Au programme : techniques, sécurité et mises en pratique

Les formations à ces diplômes durent de 8 mois à plusieurs années. Toutes alternent des cycles d’enseignements et des stages de mise en situation.

Au début, les stagiaires acquièrent des connaissances sur la montagne, apprennent les techniques de conduite de groupe, la sécurisation de passages délicats et le déclenchement des secours. Ensuite, outre les techniques propres à la discipline (alpinisme, ski hors piste, etc.), place à la préparation au monitorat de ski ou à l'encadrement des randonnées : capacités techniques, compétences pédagogiques, gestion du risque, etc. Des cours de communication et de marketing sont dispensés pour les aider à développer leur activité.

À noter : chaque unité de formation est évaluée et doit être validée pour pouvoir continuer. Ainsi, contrairement à d’autres cursus du sport, il y a des épreuves techniques éliminatoires tout au long du DE de ski.

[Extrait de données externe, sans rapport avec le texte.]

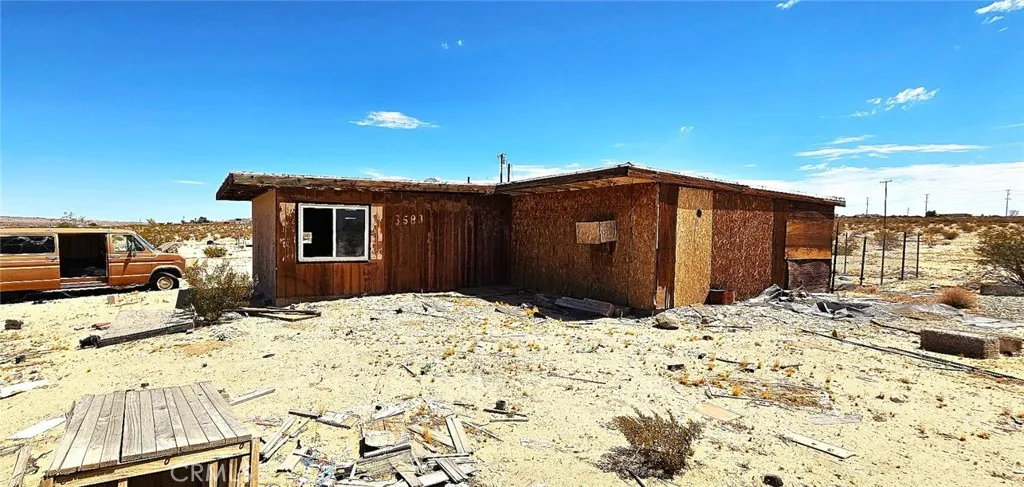 3583 Indian Cove, 29 Palms, CA 92277 - Main photo, 29 Palms, CA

Cumuler plusieurs diplômes ?

Par ailleurs, nombreux sont les titulaires d’un premier diplôme de la montagne à acquérir un autre diplôme sportif, pour trouver des complémentarités en matière de saisonnalité ou de public.

Par exemple, les titulaires du DE de ski complètent leur formation par un brevet ou diplôme des Sports lié à une activité qui se pratique l’été, comme le BPJEPS VTT ou le DEJEPS escalade. Des dispenses de modules de formation peuvent être accordées en fonction des compétences et de l’expérience du candidat.

Certains diplômés optent pour un CQP (certificat de qualification professionnelle) pour enseigner une discipline à titre secondaire.

Préparer un autre diplôme permet aussi de rebondir en cas d'accident qui limiterait la pratique sportive.

Les biqualifications

Une dizaine de lycées permettent de combiner ses études (bac ou BTSA) avec un cursus préparatoire aux métiers sportifs de la montagne. Ces formations sont dites "biqualifiantes".

L’objectif : acquérir le niveau requis pour les tests d’entrée du brevet ou du diplôme d’État visé, valider la formation commune aux métiers d’encadrement des sports de montagne ou obtenir une ou plusieurs unités de formation du diplôme.

Certains établissements proposent un aménagement scolaire, comme de préparer le bac en 4 ans au lieu de 3.